_DATA_.
<<<<

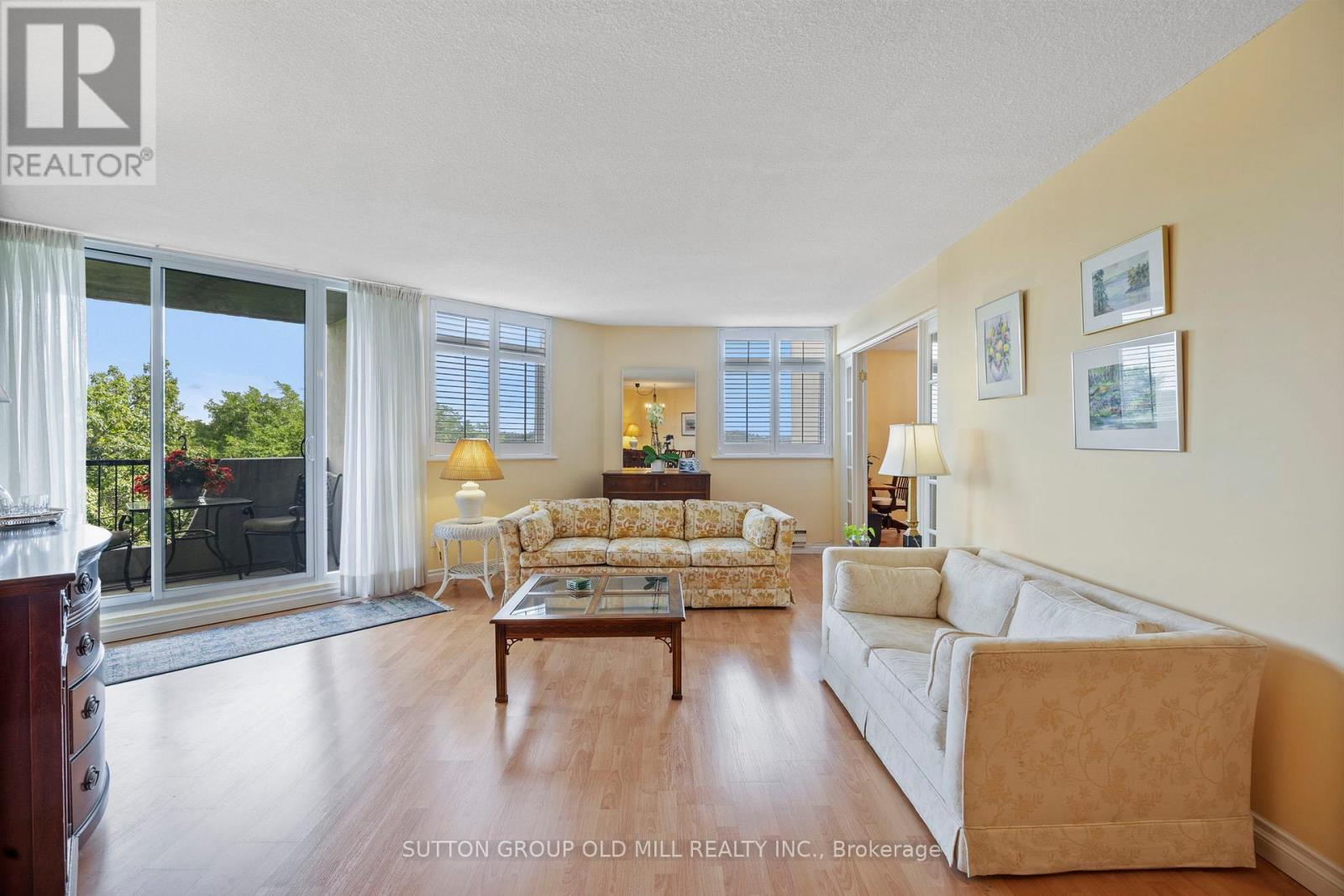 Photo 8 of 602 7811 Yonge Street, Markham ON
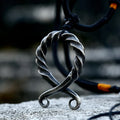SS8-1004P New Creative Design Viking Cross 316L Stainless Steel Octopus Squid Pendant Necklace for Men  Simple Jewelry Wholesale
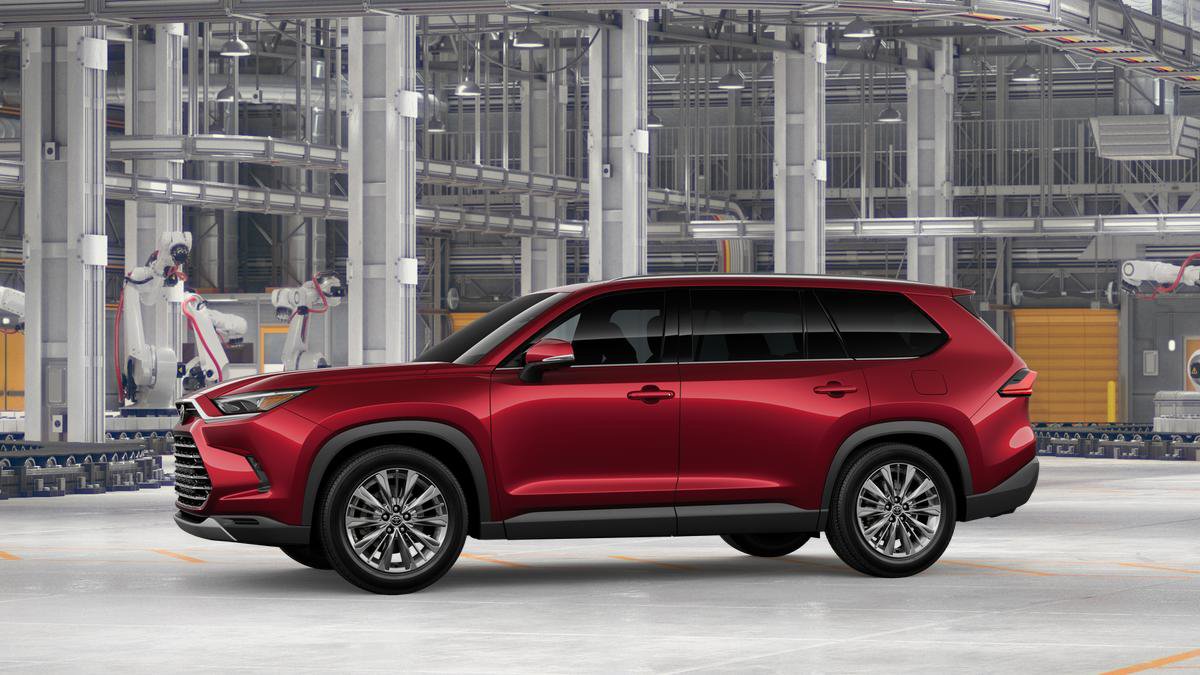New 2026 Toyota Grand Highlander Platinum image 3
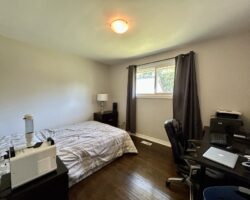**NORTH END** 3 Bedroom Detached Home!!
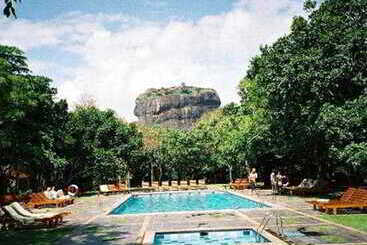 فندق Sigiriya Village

>>>>

_TASK ITEM_. Nothing but the lines from the line with "Bedroom Detached Home!!" through the last line of the listing should be copied, exactly and with both ends kept. Leave pictures out.

_SOLVED EXERCISE_.
**NORTH END** 3 Bedroom Detached Home!!
 فندق Sigiriya Village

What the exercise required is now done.